Anouch Seydtaghia (AS) : Que vous inspire ce déferlement d’IA dans nos vies? Quelle est la stratégie visée par les géants de l’IA?
Isaac Pante (IP) : Comme à son habitude, l’industrie du numérique procède par entrisme en partageant “gratuitement” des outils au fort pouvoir séductif. Comment aurions-nous refusé le mail et les réseaux sociaux avec leurs promesses d’efficacité, d’immédiateté et de connexion ? L’IA suit exactement le même chemin : qu’elles nous proposent de rester en lien avec des humains ou d’avoir des interlocuteurs synthétiques à toute heure du jour et de la nuit, ces industries capitalisent avec brutalité sur la peur de la solitude et sur notre être profondément relationnel. La puissance de frappe financière permet à ces acteurs de casser d’abord et de s’excuser ensuite, avec au passage de copieux bénéfices arrachés grâce à des moyens financiers (et donc juridiques) hors de portée des états. Google Books reste exemplaire de cette stratégie de captation de la valeur : la violation massive a été suivie d’une réparation prétendument redistributive. Aujourd’hui, les services publics paient pour accéder aux bénéfices apportés, contribuant ainsi à un blanchiment de propriété intellectuelle.
AS : Y voyez vous plutôt du positif ou du négatif du point de vue de l’utilisateur?
IP : Cela dépend évidemment des contextes. Ce qui est certain, c’est que personne ne souhaite que l’intelligence artificielle fasse son apparition dans des applications comme whatsapp. On pourrait s’amuser de la naïveté des industries dans la propagation de leur dernière innovation si cette infiltration ne contribuait pas à une acculturation à la présence de l’IA partout et tout le temps.

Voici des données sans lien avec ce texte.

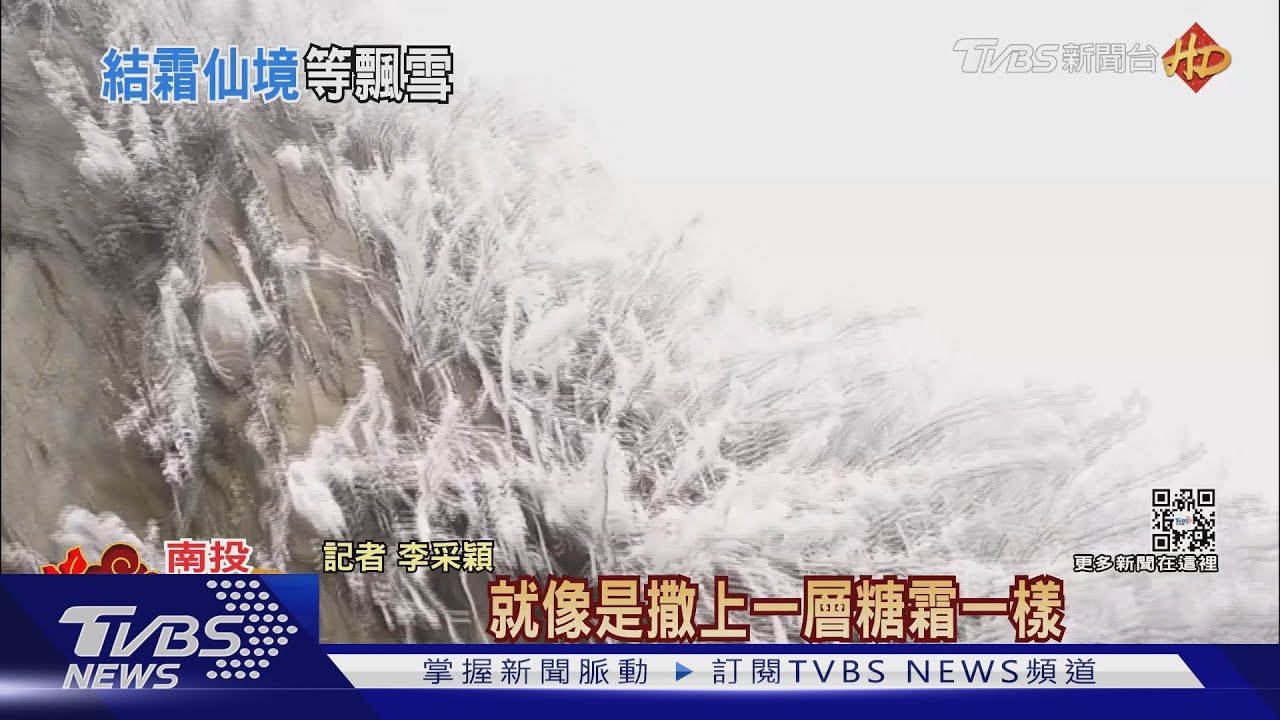 寒流限定美景! 合歡山「雪白世界」山坡整片霧淞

Or avant d’être utilisateurs ou utilisatrices, nous sommes des êtres humains insérés dans un écosystème. Pour des bipèdes organiques tributaires de leur environnement, l’augmentation massive de la consommation d’eau et d’électricité qui accompagne ces intégrations sont une très mauvaise nouvelle. Entre la catastrophe écologique et une casse sociale qui contribue à la montée du fascisme, on peut considérer que l’IA arrive au pire moment. L’heure est à une révolution des imaginaires et à la fragmentation bienheureuse capable de faire barrage aux folies impérialistes. Or le désir de totalité des acteurs du numérique (déjà souligné par Alessandro Baricco dans son essai “The Game”) va exactement dans l’autre sens. Non seulement il a ouvert la voie à une ambition totalitaire (tout voir, tout écouter, tout savoir), mais il donne les moyens techniques d’exercer un pouvoir sans précédent sur nos vies.
AS : Cela risque-t-il de modifier considérablement notre façon de travailler, de communiquer, de s’informer ou de se divertir?
IP : Les outils ne sont pas neutres : tous modifient plus ou moins profondément notre être au monde. Sans mails, les bullshit jobs auraient eu bien plus de peine à se propager. La question n’est donc pas de savoir si ces technologies vont modifier nos manières d’exister (c’est déjà fait), mais de se demander dans quelle mesure nous souhaitons qu’elles les transforment. Pour ne pas être systématiquement à la merci de disruptions technologiques toxiques, il nous faut nous remettre au début de la chaîne en nous focalisant sur nos valeurs et notre vie idéale. Or cette dernière peut et doit se passer de nouvelles centrales nucléaires.